朝ドラ『らんまん』脚本家・長田育恵の創作原点「井上ひさし先生の教えを支えに、脚本を書き続けて。今、ようやくスタートラインに立った」
◆井上ひさしさんの《個人研修生として》 その会社は3年で辞め、イベントホールの副支配人や早稲田大学の演劇博物館などで働きながら脚本を書いていましたが、なかなか道が開けません。そろそろ20代も終わりを迎える頃、ゼロから勉強しようと思い、日本劇作家協会の戯曲セミナーに参加しました。数ある劇作家の講義のなかで一番感銘を受けたのが、井上ひさし先生のお話でした。 井上先生は、「自分は劇の中に詩を書き込む」とおっしゃる。先生いうところの詩とはポエムではなく、人生で一度しかないような、その人の命が輝く瞬間のこと。人が生きることの美しさや、人の営みの強さなどを、演劇を通してお客様に手渡したい。 そして劇場から帰る時には、「明日はいい日になりそうだ」と信じられる心持ちになってもらいたい。「だから人が人生で一度だけ言うような、言葉に本当の意味が宿る瞬間を、必ず劇の中に書き込みなさい」と。心に突き刺さりました。 卒業制作は井上先生に提出し、翌年1年間、先生の《個人研修生》として過ごすことに。いわば「追っかけをする権利」を公式に与えられたみたいな感じです。地方で先生の講演会があれば自分で新幹線のチケットを買い、講演会の始まる前に控室で同席してお話をさせていただく。 劇場の物販のスペースで先生が本にサインをしている間に、「この前のあなたの脚本なんだけど」と突然アドバイスをいただいたり。それを必死に頭に叩き込んで、舞台の幕が上がる直前までメモに書き留めたものです。創作者の姿勢や居住まいも間近で見ることができました。 先生は作品に取り掛かる前に、膨大な量の資料に目を通します。でもそれは、本に書かれたことを戯曲で使うためではなく、「書かれていないこと」を書くための準備なんですね。先生の膨大な蔵書を見て、私も生半可な覚悟では書けなくなりました。

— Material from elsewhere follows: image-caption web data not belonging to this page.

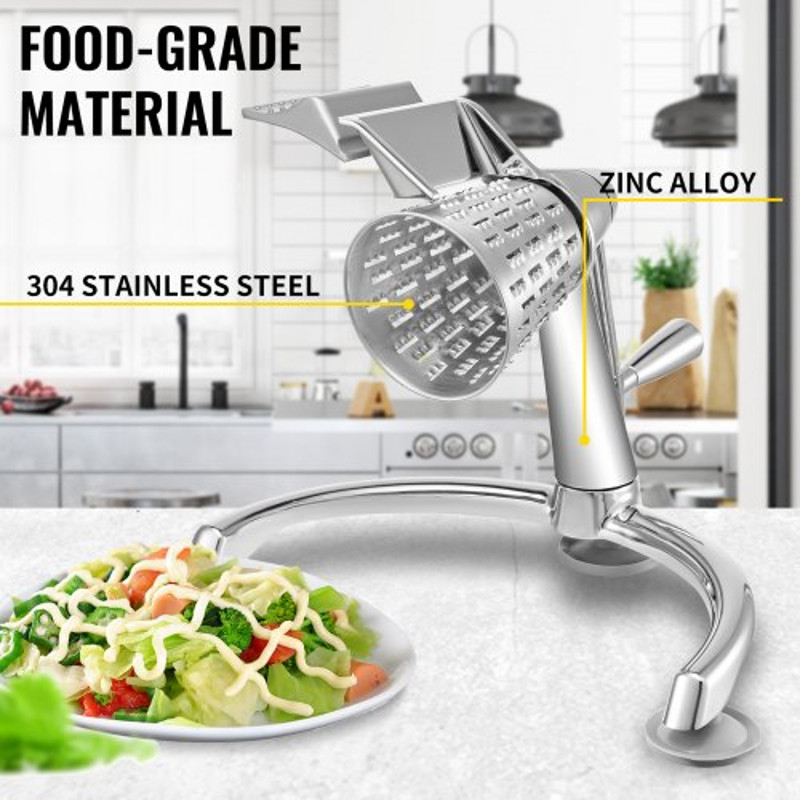Manual Cheese Mandoline w/ Cutting Cone, Zinc Alloy Rotary Vegetable Mandoline with Bowl & Suction Base, Rotary Shredder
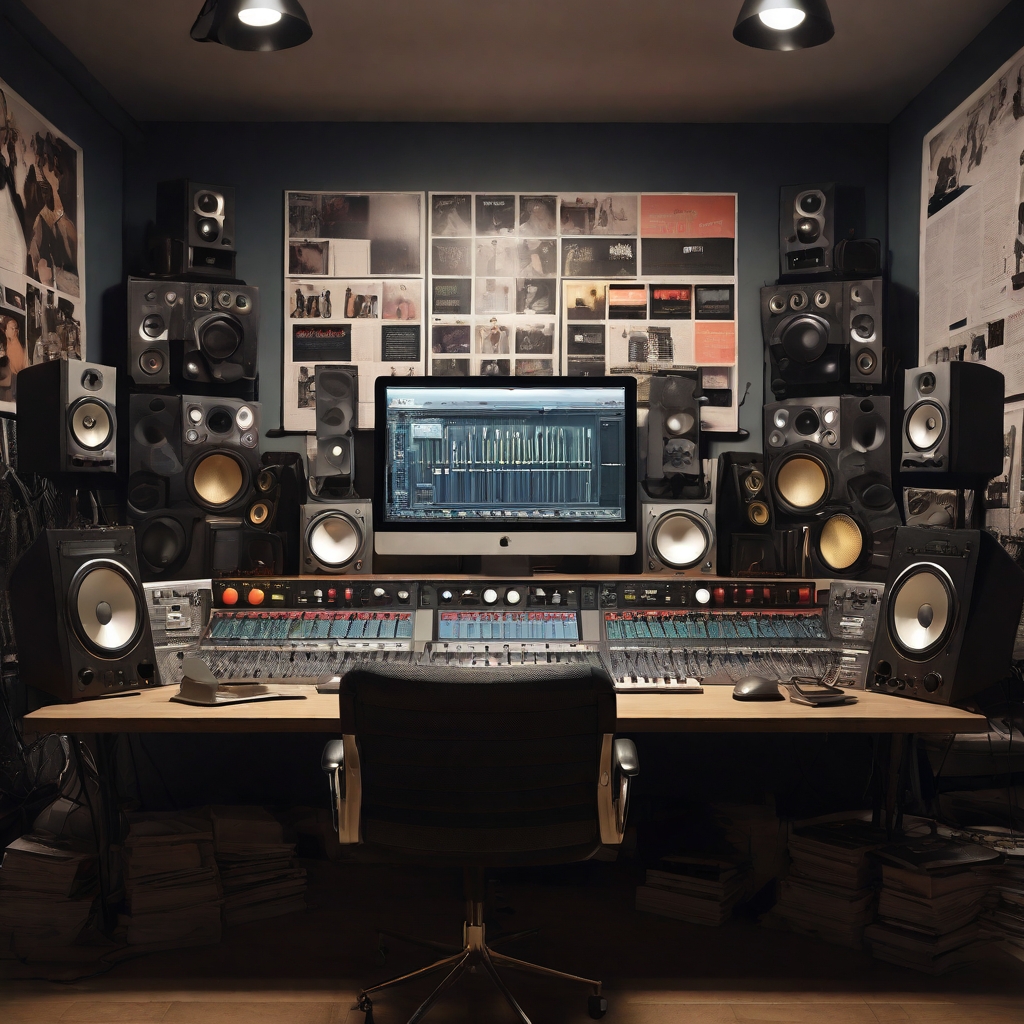 An image of a music studio symbolizing the importance of using reference tracks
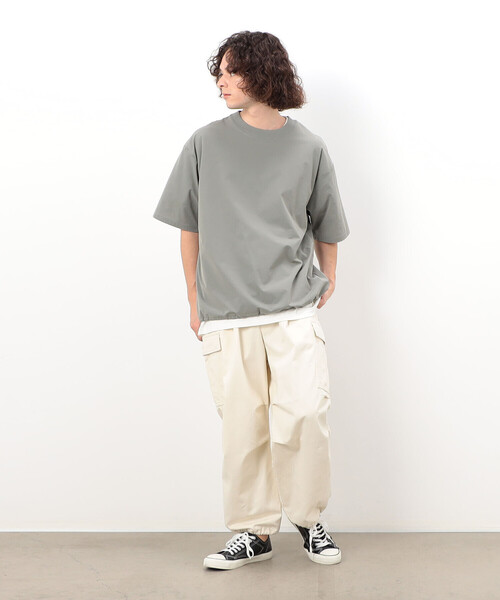 Purple&Yellow（パープルアンドイエロー）の「ドローストリング半袖プルオーバー（Tシャツ/カットソー・メンズ・グリーン/グレイッシュベージュ/ブラック・MEDIUM/LARGE/SMALL）」の12枚目の写真
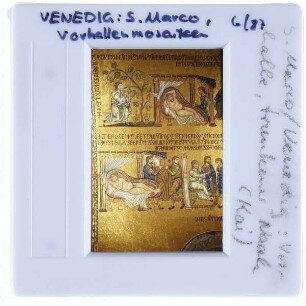 Venedig, Markusdom : Detailansicht Vorhalle Mosaik trunkener Noah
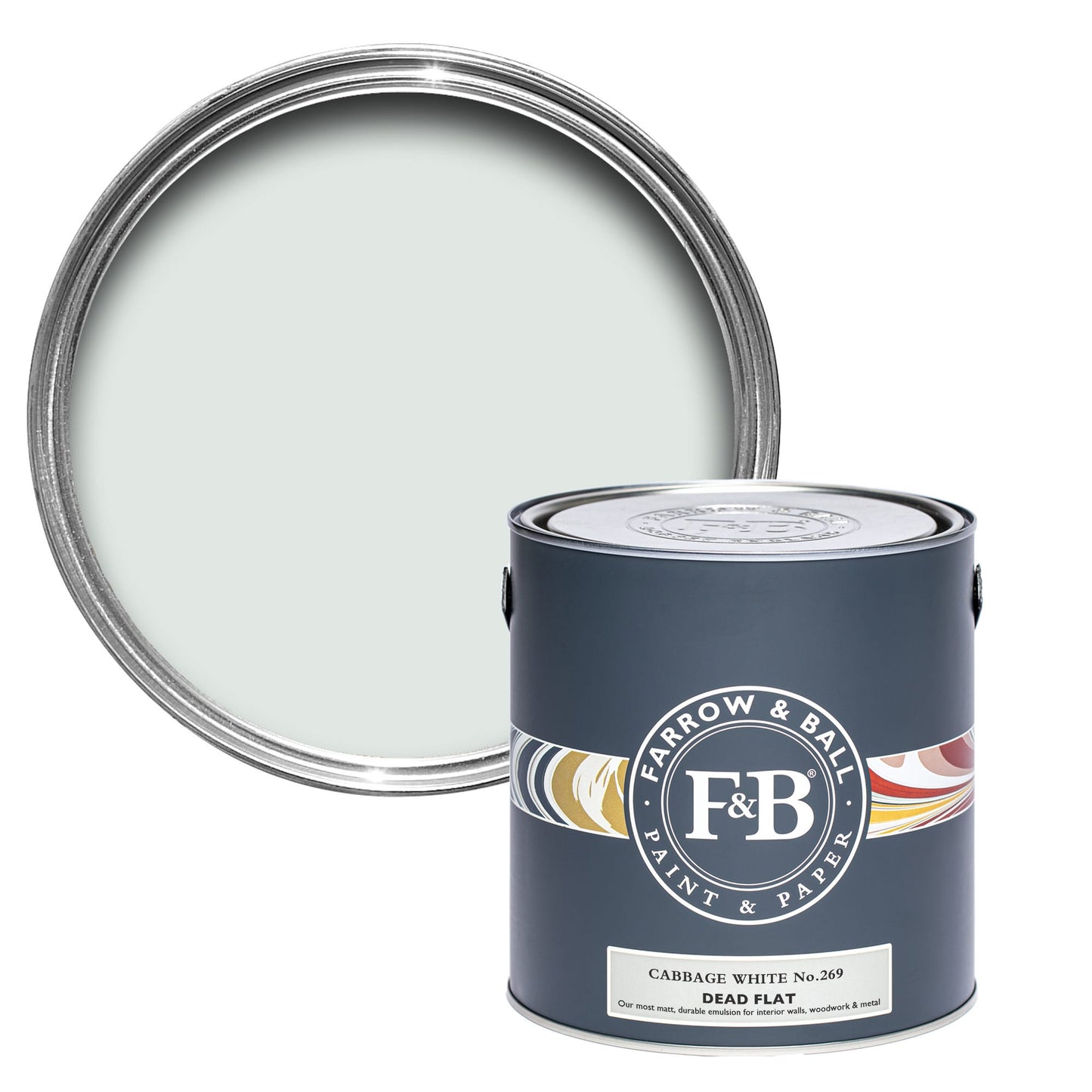 Farrow & Ball Cabbage White No. 269 - Dead Flat 2.5L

◆今ようやくスタートラインに 戯曲というものは、舞台で演じられて初めて世の中の人に知っていただけます。そこで自分の戯曲を上演するために、劇団を立ち上げました。芝居を打つにはお金もかかります。3作品上演した段階で、会社員時代の貯金が底をつきました。(笑) 私は江戸川乱歩や、民俗学者の宮本常一(つねいち)、民藝運動の提唱者・柳宗悦(むねよし)など、実在する人物に想を得た作品を何作か書いています。また、敗戦後に朝鮮半島にとどまらざるをえなかった日本人女性たちを描いた作品もあります。 なぜそうしたテーマに取り組むのか。ひとつには同居していた母方の祖父の存在があります。祖父は私が中学生の時に亡くなりましたが、祖父と母は折り合いがあまりよくなく、私もなんとなく近寄りがたかった。祖父は満洲(現・中国東北部)にいたことがありますが、話を聞こうとしても、一切話してくれませんでした。 祖父はなぜ、何も語らなかったのか。その問いかけは、自分が今生きている時代を確かめる土台にもなります。祖父を通してですが、戦争の気配を知っている最後の世代でもある私は、この問いかけに向かわなくてはいけない。そう思ったのです。 初めて書いた評伝劇『乱歩の恋文』は大正12年が舞台です。その年、関東大震災があり、日本人の価値観が大きく転換した。戦争への道に進む時期です。 井上先生は常に、後世の人に何を《渡す》か考えて作劇を続けてこられました。私はそれを受け継ぎたい。その思いから、自分が知っている祖父の背中みたいなものを書き留めるのが、初期のてがみ座のテーマでした。